Task instructions —
The job is to find each line in the entries holding the string "your" and copy that line.

Data listing —
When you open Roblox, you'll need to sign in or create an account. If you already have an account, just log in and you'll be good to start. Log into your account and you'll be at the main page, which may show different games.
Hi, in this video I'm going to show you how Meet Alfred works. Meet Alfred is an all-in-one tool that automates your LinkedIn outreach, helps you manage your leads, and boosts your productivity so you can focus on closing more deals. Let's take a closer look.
--
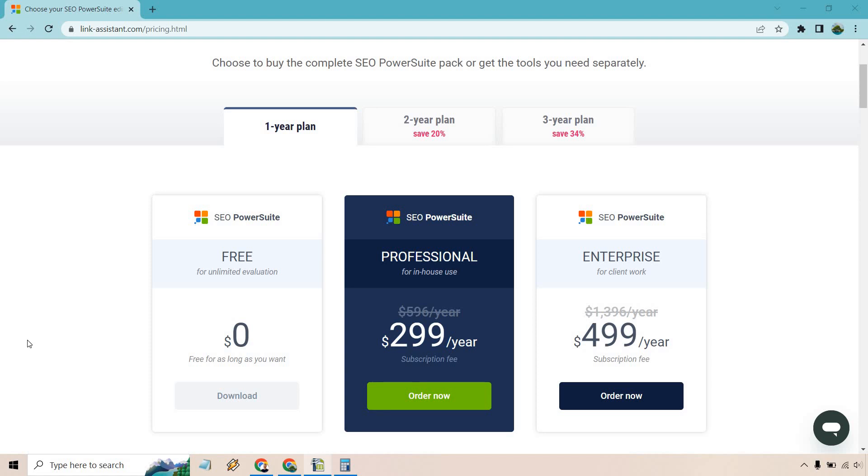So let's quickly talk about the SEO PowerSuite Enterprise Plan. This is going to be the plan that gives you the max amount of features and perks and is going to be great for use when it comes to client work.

Exercise solution —
When you open Roblox, you'll need to sign in or create an account. If you already have an account, just log in and you'll be good to start. Log into your account and you'll be at the main page, which may show different games.
Hi, in this video I'm going to show you how Meet Alfred works. Meet Alfred is an all-in-one tool that automates your LinkedIn outreach, helps you manage your leads, and boosts your productivity so you can focus on closing more deals. Let's take a closer look.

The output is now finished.